Depuis mi-2013, les Etats-Unis et l'Union européenne tentent de parvenir à un accord qui supprimerait les barrières commerciales et réglementaires. Mais force est de constater que les discussions patinent. De son côté, le gouvernement français est monté au créneau à plusieurs reprises ces derniers mois en cas d'accord qui ne respecterait pas les intérêts de l'UE.

Si l'Union européenne n'obtient pas gain de cause dans les négociations, on pourra se prononcer. Personnellement, je ne suis pas pour un accord à n'importe quel prix. Mais à l'heure actuelle, on parle d'un accord qui n'est pas encore écrit et encore moins acté ! Il faut attendre le résultat final.

On nous accuse de céder face aux pressions américaines qui veulent imposer leurs normes (crainte sur un allègement des normes, oubli du principe de précaution, crainte de l'émergence d'un double système, NDLR), mais pour l'instant nous n'avons cédé ou lâché sur aucun point ! La Commission a insisté, à plusieurs reprises, sur les lignes rouges à ne pas franchir.
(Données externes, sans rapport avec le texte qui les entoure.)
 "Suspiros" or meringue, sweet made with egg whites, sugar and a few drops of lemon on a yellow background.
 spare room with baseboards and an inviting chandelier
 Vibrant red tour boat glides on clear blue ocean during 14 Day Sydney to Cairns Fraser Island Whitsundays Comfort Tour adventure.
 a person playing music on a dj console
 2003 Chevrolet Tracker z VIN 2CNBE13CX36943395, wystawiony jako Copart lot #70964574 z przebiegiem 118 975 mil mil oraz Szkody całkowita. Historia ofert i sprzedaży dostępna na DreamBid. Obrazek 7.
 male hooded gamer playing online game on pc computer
Quant au supposé manque de transparence évoqué régulièrement, je tiens à rappeler que les documents sont accessibles et que n'importe qui peut avoir un aperçu de l'état des négociations.
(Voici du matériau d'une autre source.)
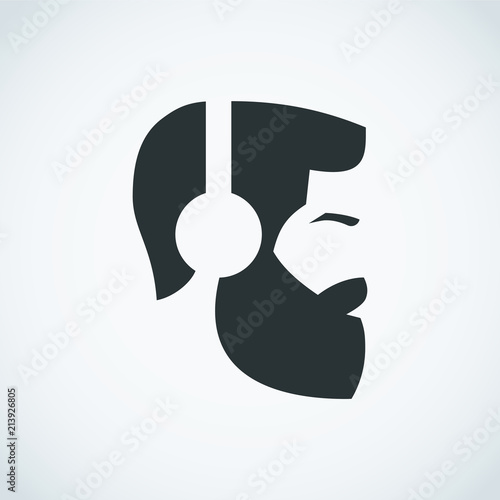 Bearded man wearing headphones.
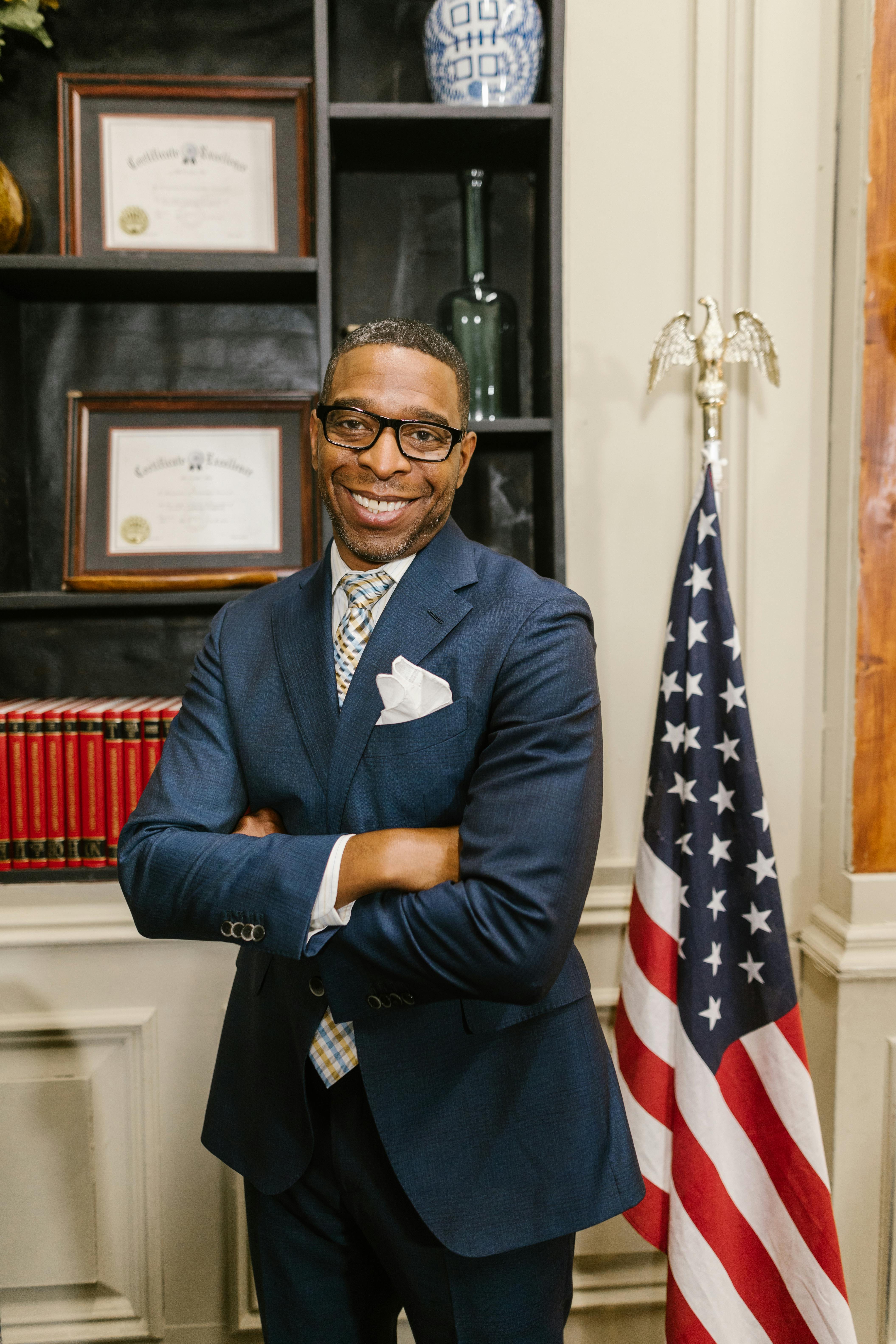 Portrait of a smiling professional man in a law office, embodying confidence and success.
Le 23 septembre, la France doit demander à la Slovaquie, lors de la réunion des 28 ministres européens du commerce extérieur, l'arrêt des négociations relatives au partenariat transatlantique. Doit-on considérer que le traité transatlantique est enterré ?
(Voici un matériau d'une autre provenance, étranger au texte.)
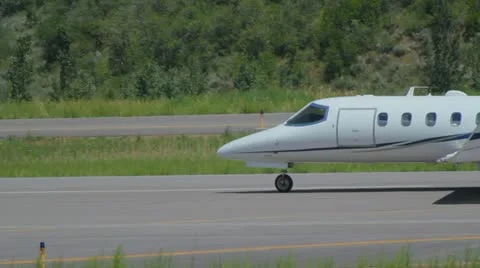 Learjet 31A taxis down runway to takeoff point and flies away - series - 5 Video stock 11981258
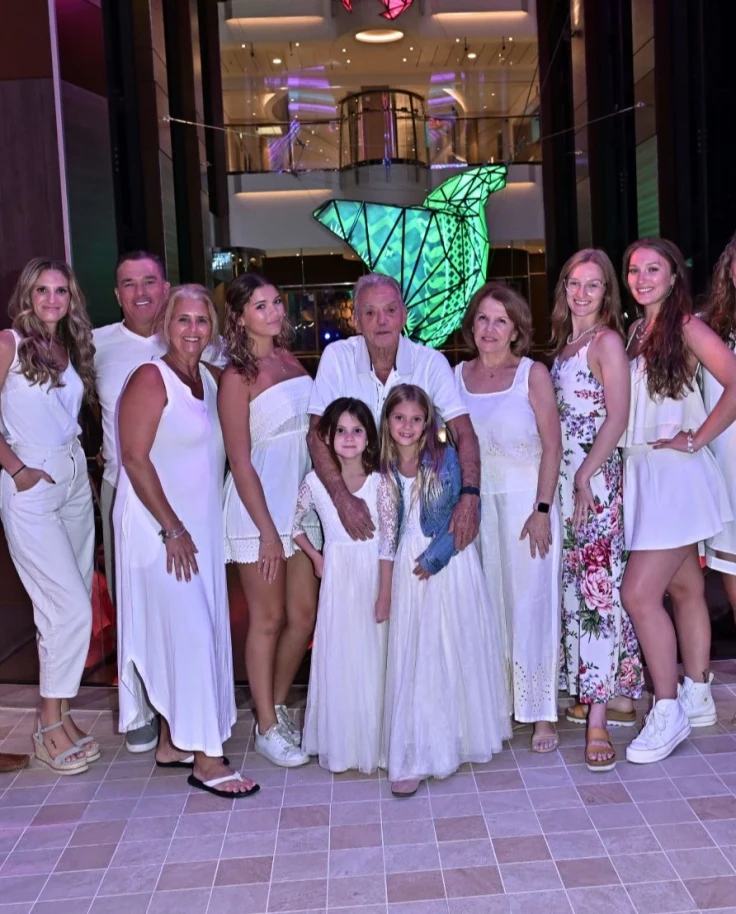 Family group photo onboard Utopia of the Sea.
Est-ce que tout le monde va dire oui à la fin du TTIP ? La France n'a pas le pouvoir d'arrêter seule les négociations. Il y a un mandat de négociations. En attendant, la Commission poursuit son travail. Quant aux Américains, ils n'attendent pas cet accord avec l'Union européenne. Si le traité transatlantique ne voit pas le jour, ce n'est pas la fin du monde pour eux. En revanche, de notre côté, c'est très différent. Il est normal que l'on défende l'intérêt de nos consommateurs mais là nous sommes en train de condamner un potentiel de développement. Peut-on se permettre d'y renoncer dans le contexte actuel ?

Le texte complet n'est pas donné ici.